World Lit: Bias and Sea Lions


  • ELAGSE9-10RI1 Cite strong and thorough textual evidence to support analysis of what the text says explicitly as well as inferences drawn from the text. Georgia ELA
  • ELAGSE9-10RI3 Analyze how the author unfolds an analysis or series of ideas or events, including the order in which the points are made, how they are introduced and developed, and the connections that are drawn between them. Georgia ELA
  • ELAGSE9-10RI6 Determine an author’s point of view or purpose in a text and analyze how an author uses rhetoric to advance that point of view or purpose. Georgia ELA

Learning Target
Students will evaluate the use of evidence in support of a potential solution to a conflict.

Opening Session
Let’s talk about what we know about bias! What does it mean if someone is biased? Can a source be both biased and credible?

Work Session
Flip in your Springboards to page 443. I’m going to number the class while you guys find the right page. Odd numbers are going to be reading the article titled “The HSUS and Wild Fish Conservancy File Suit top Stop Sea Lion Killing at Bonneville Dam” and then do the second read questions. Even numbers will read “Sea Lions vs. Salmon: Restore Balance and Common Sense” and answer those second read questions.

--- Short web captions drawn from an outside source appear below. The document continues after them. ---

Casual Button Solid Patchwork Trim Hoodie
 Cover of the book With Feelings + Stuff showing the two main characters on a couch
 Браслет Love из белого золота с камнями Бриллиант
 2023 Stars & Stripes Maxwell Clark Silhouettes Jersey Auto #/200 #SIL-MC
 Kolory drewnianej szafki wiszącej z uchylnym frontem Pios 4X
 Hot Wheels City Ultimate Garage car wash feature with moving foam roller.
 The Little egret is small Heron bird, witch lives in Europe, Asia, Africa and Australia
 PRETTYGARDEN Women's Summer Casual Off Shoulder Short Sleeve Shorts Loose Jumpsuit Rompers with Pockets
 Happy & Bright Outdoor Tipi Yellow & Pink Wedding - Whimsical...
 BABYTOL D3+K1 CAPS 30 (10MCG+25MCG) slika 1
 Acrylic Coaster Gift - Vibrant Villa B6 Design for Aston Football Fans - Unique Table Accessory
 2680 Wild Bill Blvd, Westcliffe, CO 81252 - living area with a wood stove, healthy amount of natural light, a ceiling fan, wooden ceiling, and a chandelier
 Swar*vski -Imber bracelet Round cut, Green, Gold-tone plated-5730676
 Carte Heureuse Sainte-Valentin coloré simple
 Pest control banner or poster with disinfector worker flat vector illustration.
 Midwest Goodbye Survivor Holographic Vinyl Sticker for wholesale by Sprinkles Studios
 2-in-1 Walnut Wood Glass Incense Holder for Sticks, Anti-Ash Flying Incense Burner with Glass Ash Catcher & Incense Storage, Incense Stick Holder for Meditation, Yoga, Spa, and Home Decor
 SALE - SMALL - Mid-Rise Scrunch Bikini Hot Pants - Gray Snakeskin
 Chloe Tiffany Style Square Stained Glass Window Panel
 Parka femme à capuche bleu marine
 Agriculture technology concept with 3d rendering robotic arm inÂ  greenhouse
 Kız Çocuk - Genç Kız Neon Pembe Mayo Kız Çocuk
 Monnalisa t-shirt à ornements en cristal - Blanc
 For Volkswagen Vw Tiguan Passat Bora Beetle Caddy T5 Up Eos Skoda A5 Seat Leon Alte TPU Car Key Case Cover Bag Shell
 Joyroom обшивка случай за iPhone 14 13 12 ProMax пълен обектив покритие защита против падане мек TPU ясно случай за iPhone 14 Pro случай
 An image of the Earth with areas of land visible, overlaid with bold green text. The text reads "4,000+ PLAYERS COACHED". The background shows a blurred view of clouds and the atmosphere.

After we have read and answered the questions, let’s talk about bias again. Do you think either article was biased, and if so how?

Closing Session
Each article we read was a proposal about how to solve an environmental issue. For your essay we will start tomorrow, YOU will be writing a proposal for how to help the social issue you wrote about in your last essay. Consider the bias (or non-bias) of the sources we have read today and how that affected the persuasiveness of the proposal. Then, start brainstorming for your essay tomorrow.